Arroz de cerdo y espardeñas, de Lips.

Arroz de cerdo negro y espardeñas, de Lips.

2) El suculento arroz de costilla de cerdo negro ibicenco y espardenyes, elaborado en el restaurante (o ‘gastrobeach’) Lips por David Reartes, que lo manteca con aceite de oliva. Este chef canalla ya despuntó en Barcelona: Can Pineda, Santa Maria (pionero en menús de tapas), Blanc de Tòfona… Tras consolidarse en la marchosa Platja d’en Bossa, ahora maquina abrir un bar de pinchoteo cañí en el centro de la capital. Por cierto, Reartes irá por Ibiza al citado congreso Gastrónoma, con una ponencia dedicada precisamente al binomio mar y tierra.

Pau Barba, junto a su huerto en Can Domo.

Pau Barba, junto a su huerto en Can Domo.

3) El huerto que Pau Barba está montando en su pedazo de edén, el agroturismo Can Domo, de Santa Eulàlia. Un huerto de verdad, no una triste jardinera de pacotilla. Diversidad vegetal que este verano ha empezado a entrar en su pequeña (y exquisita) cocina: flores de pepino para un tiradito de dentón y gamba; deliciosos brotes de guisante para un guiso de bacalao (al punto) con trigueros de otoño y alcachofas; tersas lechugas para una ensalada de bonito escabechado, cebolla, hinojo y crujientes costres (tradicional pan payés que se hornea dos veces).

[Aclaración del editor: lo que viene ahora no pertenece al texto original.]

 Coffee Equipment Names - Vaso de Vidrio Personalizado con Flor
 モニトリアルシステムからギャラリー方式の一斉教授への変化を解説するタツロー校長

Garra y delicadeza a parte iguales en lo más recóndito de la isla.

Cortes de pescado para el 'bullit' de Sa Nansa.

Cortes de pescado para el ‘bullit’ de Sa Nansa.

4) Ya en Ibiza capital, el bullit de peix que disfruté en Sa Nansa, de la mano de Pedro Tur, que ha asumido provisionalmente las funciones de chef. En el fondo, este restaurador siempre ha mandado en fogones y ha tenido muy claro lo que quería ofrecer: cocina ibicenca de mar. Salió bordado el arroz seco, segundo vuelco de este cocido tradicional que elaboró con mero, rape, gallo de san Pedro, pez limón y cabracho. Siguen en la carta -ahora más breve y más centrada en el capítulo de arroces- las gambas rojas al ajillo, las cigalas en cama de sal, las espardeñas a la sartén, el calamar salteado (con su tinta) y la caldereta de langosta. Si hay suerte, entrante a base de vísceras marinas, como el hígado de rape o las huevas de gallo. Compartí con este chef eventual un rico tentempié en Sa Brisa, nuevo gastrobar con buena cocina de tapeo posmoderno y multiétnico.